核心概念
Existing data splitting strategies for protein-protein interaction benchmarks suffer from significant data leakage, leading to overoptimistic evaluation of model generalization. Directly comparing the structural similarity of protein interfaces is crucial for creating high-quality, non-leaking splits.
摘要
The content discusses the problem of data leakage in protein-protein interaction (PPI) benchmarks used for evaluating machine learning models. It highlights that commonly used splitting strategies based on metadata (e.g., PDB codes) or sequence similarity are insufficient, as they result in a high percentage of test examples having near-duplicate training examples in terms of the structural similarity of the protein interfaces.
The authors first quantify the data leakage in different splitting approaches using the iDist algorithm, which efficiently approximates the structural alignment of protein interfaces. They find that splits based on PPI codes, PDB codes, and sequence similarity lead to 86%, 65%, and 30% data leakage, respectively.
To address this issue, the authors review recent work that utilizes structural similarity of protein interfaces for creating non-leaking splits. Specifically, methods like Foldseek and iDist enable large-scale comparison of protein interfaces and can be used to construct benchmarks that effectively assess the generalization of machine learning models beyond the training data.

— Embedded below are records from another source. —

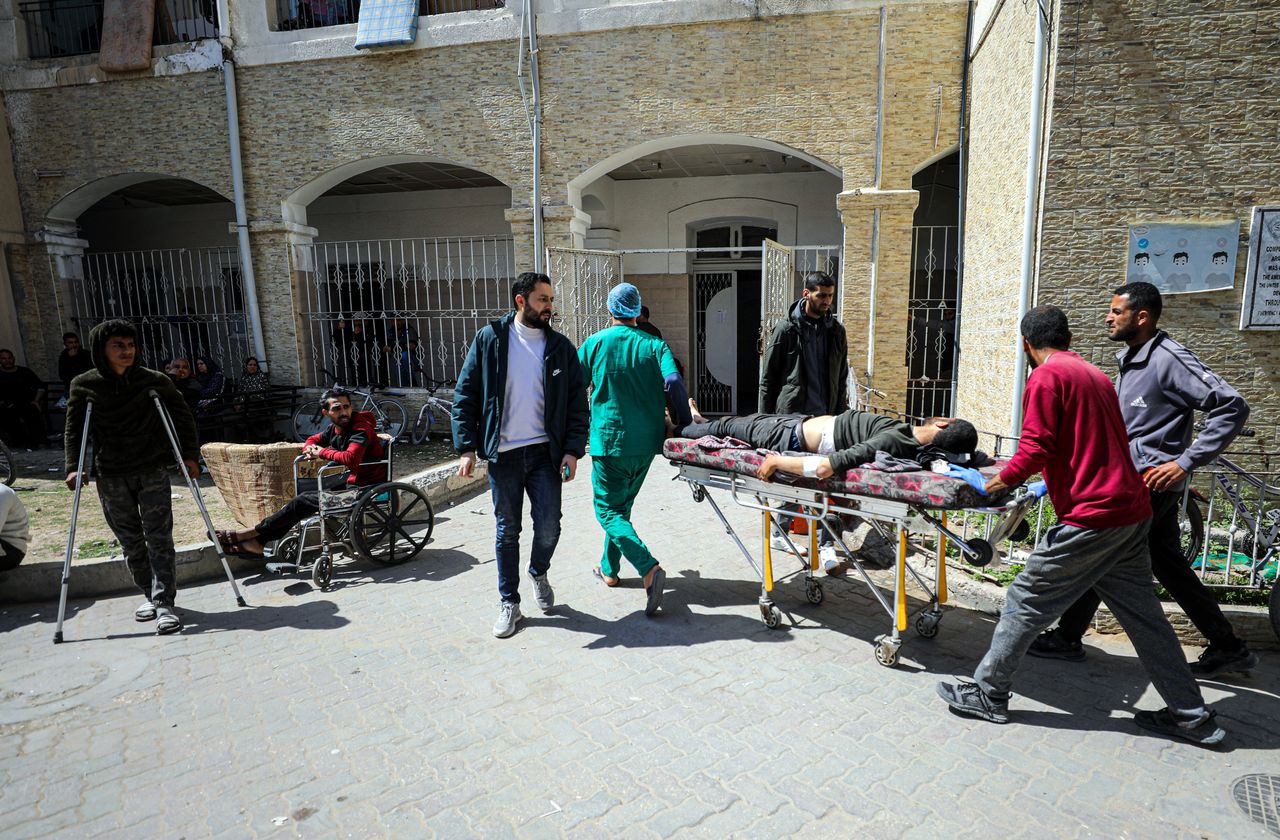 GAZA CITY, GAZA - MARCH 25: Wounded Palestinians are taken to al-Ahli Baptist Hospital after Israeli forces hit Palestinians who were waiting aid trucks in the El-Shujaiya Neighborhood of the Northern Gaza Strip, Gaza on March 25, 2023 (Photo by Dawoud Abo Alkas/Anadolu via Getty Images)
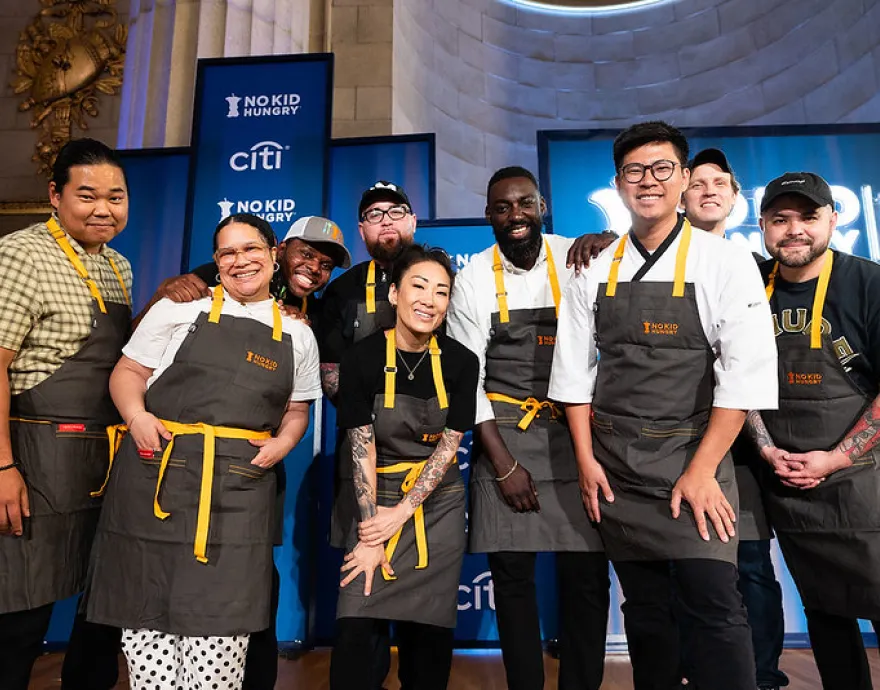 A group of celebrity chefs pose on stage at a No Kid Hungry Fundraiser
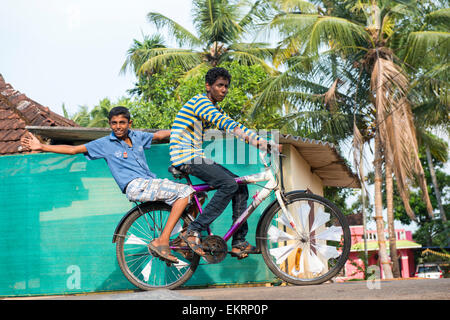 Zwei jungen auf einem Fahrrad an den Ufern der Backwaters Kumarakom, Kerala Indien Stockfoto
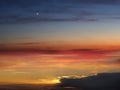 Moon on night sky gold sunset sunbeam ,dramatic fluffy clouds at evening sky  and green grass on field  nature lands Royalty Free Stock Photo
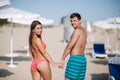 Man and woman walking through the beach and turn around to look at the sea. Sexy woman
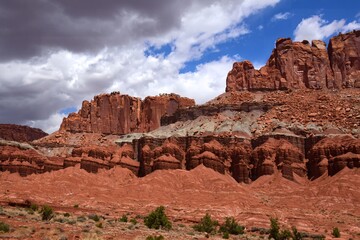 colorful eroded red rock formations and ominous storm clouds on a sunny summer day in capitol reef national park, near torrey, utah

The authors also highlight the importance of leveraging domain expertise provided by dataset authors, as exemplified by the SKEMPI v2.0 dataset, where the expert-curated grouping of protein complexes leads to 0% data leakage compared to 56% leakage in a naive PPI code-based split.
Finally, the authors provide recommendations for the community, emphasizing the use of interface similarity as the standard criterion for splitting protein complexes, thoroughly reviewing dataset-specific information provided by experts, and quantifying data leakage when train-test splits are not under the researchers' control.
統計資料
Percentage of test PPIs with near-duplicate training examples:
PPI code-based split: 86%
PDB code-based split: 65%
Sequence similarity-based split: 30%
引述
"We find that splits based on PPI codes, on average, lead to 86% data leakage, which is expected due to the high redundancy in PDB. Splits based on PDB codes improve the situation, yet still lead to 65% data leakage."
"We find that this sequence-based splitting approach yields a substantial improvement in structural data leakage compared to metadata-based splits, with a leakage rate of 30%."